- **TASK BRIEF**:
Skipping all pictures, please restate word for word the lines from the one that contains "Atwater Living DHP Ryder Linen Upholstered Bed With Storage 36" through the last line of the entries.

- **RECORDS SUPPLIED**:
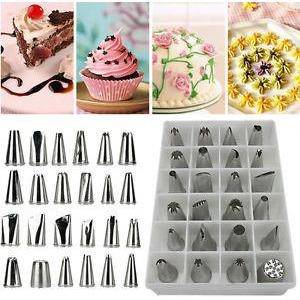 Cake Decorating Nozzle Set 24 pcs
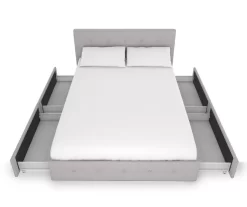 Atwater Living DHP Ryder Linen Upholstered Bed With Storage 36 Atwater Living DHP Ryder Linen Upholstered Bed With Storage -Chic Furniture Shop 810543649 3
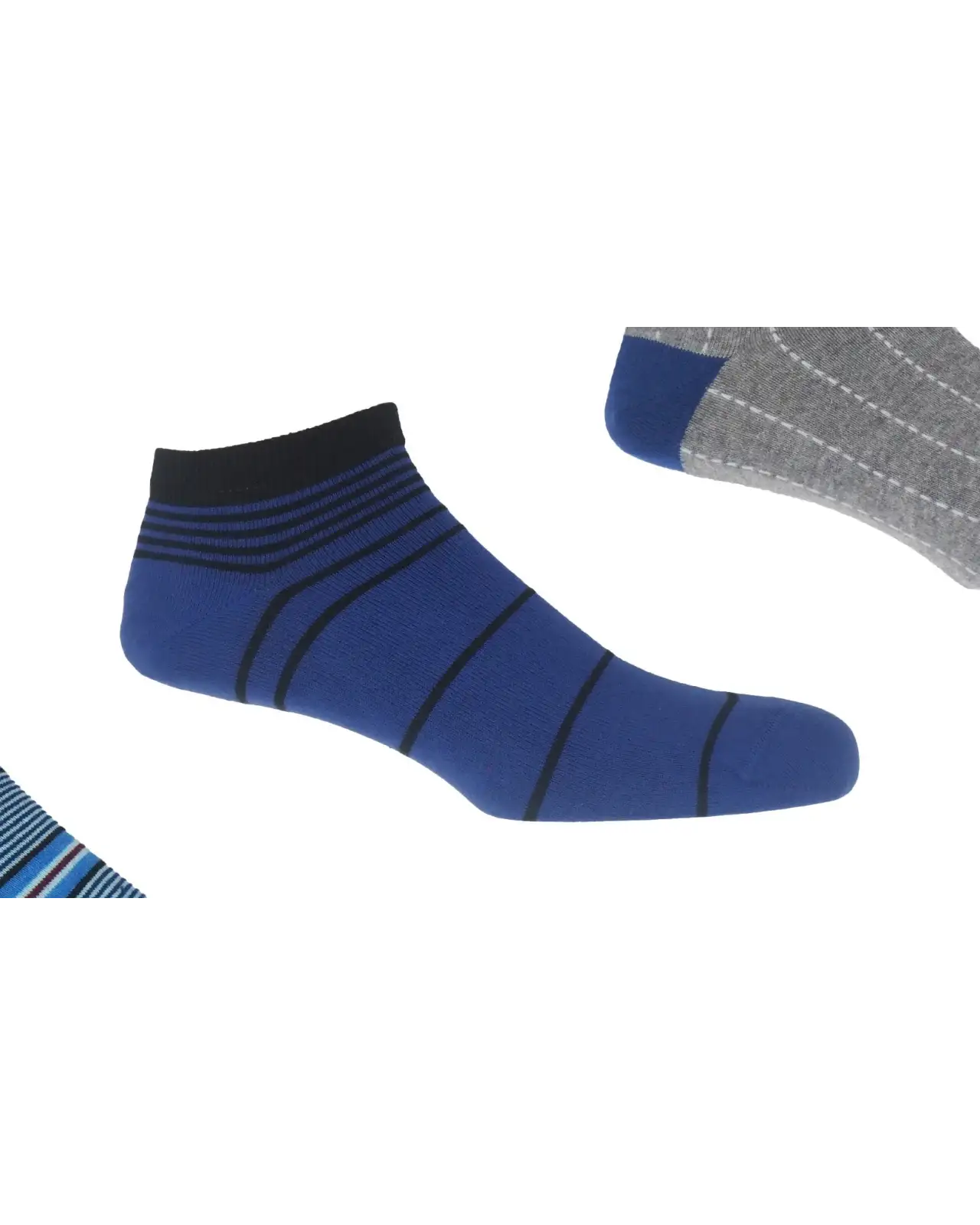Men PEPER HAROW Mens Trainer Socks Bundle - Multistripe Retro Dash £28.00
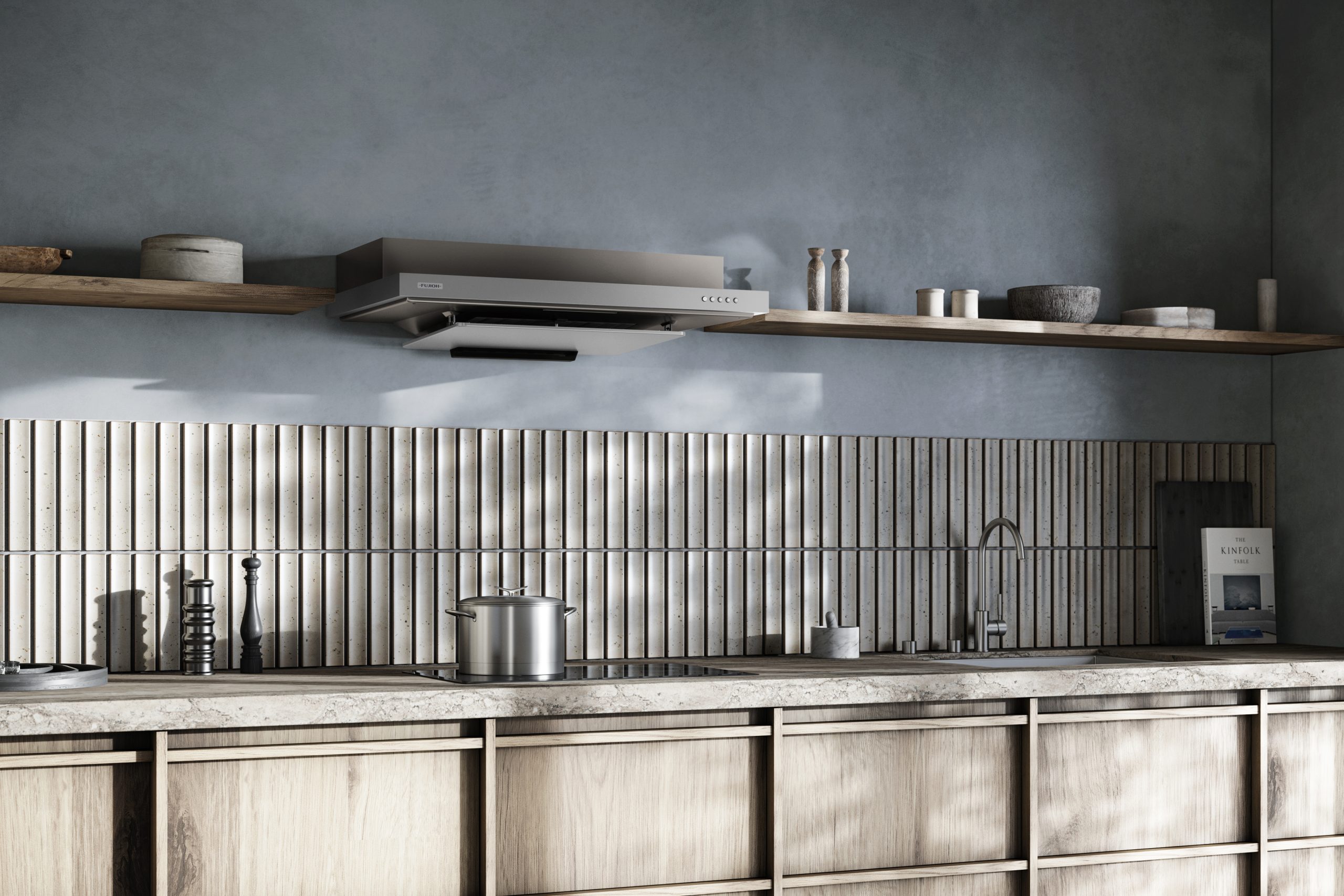 FUJIOH Hood FR-FS2290 Silver Metallic and Rich Silver FUJIOH Hood FR-FS2290 Silver Metallic and Rich Silver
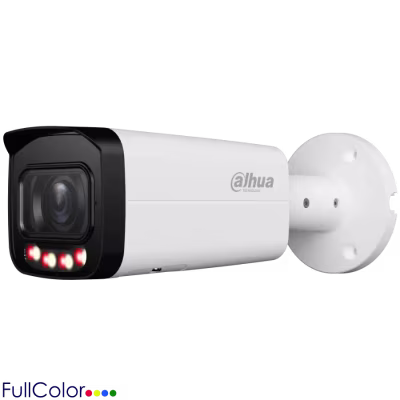 CÁMARA BULLET DAHUA 4K DE ALTO RENDIMIENTO CON LENTE MOTORIZADO DE 2.7 A 13.5 MM, TECNOLOGÍA FULL-COLOR ILUMINATOR, LUZ BLANCA Y ROJA INTELIGENTE, WDR REAL, COMPRESIÓN H.265+, MICRÓFONO INTEGRADO Y DISEÑO IP67 PARA VIGILANCIA EXTERIOR PROFESIONAL DE AMPLIO ALCANCE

- **EXERCISE ANSWER**:
 Atwater Living DHP Ryder Linen Upholstered Bed With Storage 36 Atwater Living DHP Ryder Linen Upholstered Bed With Storage -Chic Furniture Shop 810543649 3
Men PEPER HAROW Mens Trainer Socks Bundle - Multistripe Retro Dash £28.00
 FUJIOH Hood FR-FS2290 Silver Metallic and Rich Silver FUJIOH Hood FR-FS2290 Silver Metallic and Rich Silver
 CÁMARA BULLET DAHUA 4K DE ALTO RENDIMIENTO CON LENTE MOTORIZADO DE 2.7 A 13.5 MM, TECNOLOGÍA FULL-COLOR ILUMINATOR, LUZ BLANCA Y ROJA INTELIGENTE, WDR REAL, COMPRESIÓN H.265+, MICRÓFONO INTEGRADO Y DISEÑO IP67 PARA VIGILANCIA EXTERIOR PROFESIONAL DE AMPLIO ALCANCE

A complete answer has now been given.